New MRR is the inflow. Steady-state MRR is where the business actually settles when the bathtub fills up — new cohorts coming in equal old cohorts churning out. If steady-state is below your cost base, more leads won't fix it: retention is the leak.

Pipeline coverage: how many leads you actually need

If you need 20 new customers a month and you close 1 in 5, you need 100 SQLs entering the pipeline every month — not 100 form fills, 100 actually-qualified leads. Run this calculator against your number target, not your input target.

  • Self-serve SMB: 8–12× coverage typical (low close, low touch).
  • PLG + sales-assist: 4–6× coverage on trials → paid.
  • Mid-market AE-led: 4–5× coverage on qualified opps.
  • Enterprise: 3–4× coverage on stage-2+ opportunities.

Sales effort is the silent cost

An AE realistically sells ~120 hours a month (the rest is admin, internal meetings, pipeline hygiene). If the calculator says you need 600 sales hours, you need five AEs — or the close rate has to go up, the cycle has to compress, or hours-per-deal has to fall through better collateral and qualification.

What to do when the numbers don't work

The four levers — leads, close rate, deal size, retention — are not equal.

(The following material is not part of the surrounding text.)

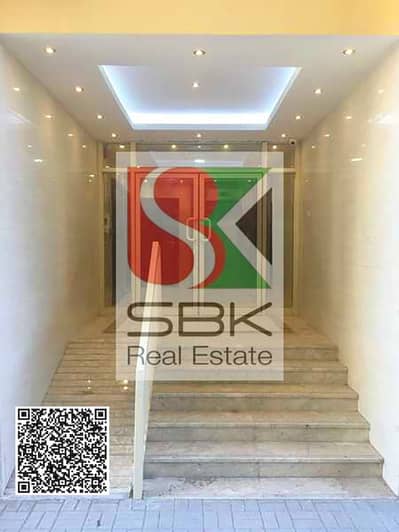 1 Bedroom Flat for Rent in Ajman Industrial, Ajman - 202304061680725188444617312. jpg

  • Raising close rate 5 points is usually cheaper than doubling leads.
  • Extending retention from 12 → 18 months adds 50% to LTV without touching acquisition.
  • Deal-size leverage (packaging, annual prepay) compounds with retention.
  • More leads at the same close rate just means more wasted sales hours.

FAQ

How is this different from an MRR or LTV/CAC calculator?

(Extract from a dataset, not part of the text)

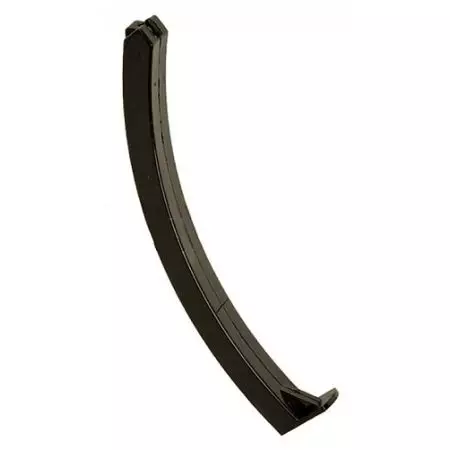 Chargeur AEP 16 Billes Beretta M9 MOD. 92FS Umarex - Noir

MRR calculators model existing recurring revenue and churn. LTV/CAC compares unit economics. This calculator works backward from raw lead volume and close rate to forecast how much MRR a sales motion will actually produce and how many AE hours it requires — useful for sales planning and headcount.

Should deal size be MRR or ACV?

Monthly contract value. If you sell annual contracts of $5,400, enter $450. The retention input handles the rest — a 12-month annual contract that auto-renews twice is effectively 36 months of retention.

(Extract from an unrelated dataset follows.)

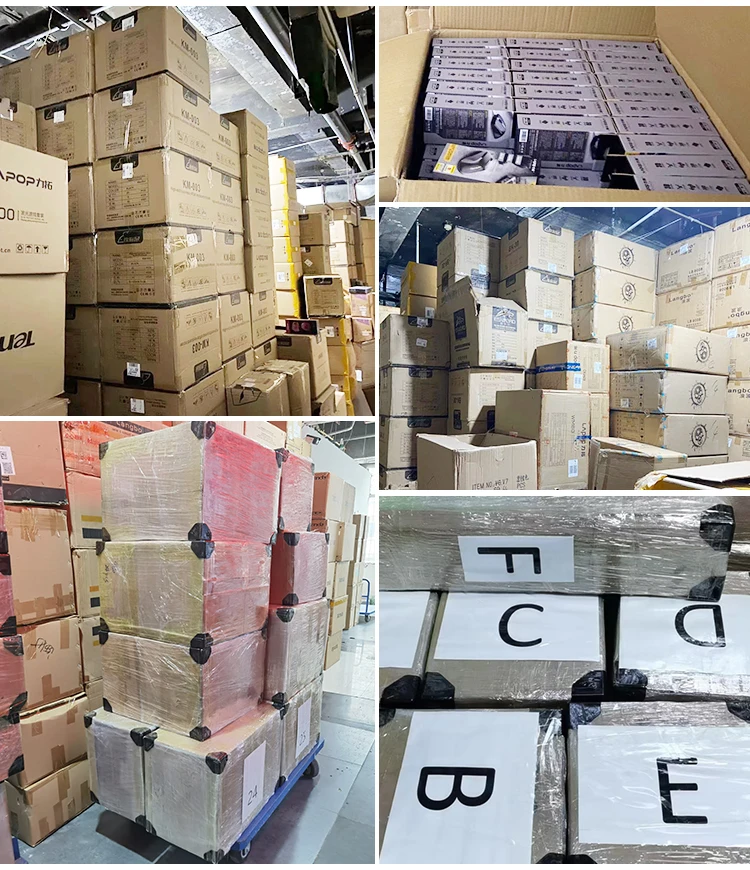 
Рекомендуемый микрофон Logitech Astro A10 для компьютерных игр, гарнитура для PS4, Тип гарнитуры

What's a realistic close rate?

15–25% on qualified SMB leads. 20–35% on enterprise opportunities that reached stage 2+. Below 10% across qualified leads usually means the lead bar is too low or the ICP isn't tight enough — fix qualification before adding leads.

Why is steady-state MRR lower than I expected?

Steady state = new MRR × retention months. If new MRR is $20K and retention is 12 months, steady-state caps at $240K — and that's only when inflow equals churn. Most teams overestimate how long retention actually is; recheck against billing data, not the forecast.

How do I use this for hiring planning?

Take your MRR target, back out new customers needed, then back out leads. The sales-hours and AE-FTE rows tell you headcount required at current productivity. If FTE > current team, you need either more AEs or higher productivity (close rate, hours-per-deal) before adding leads.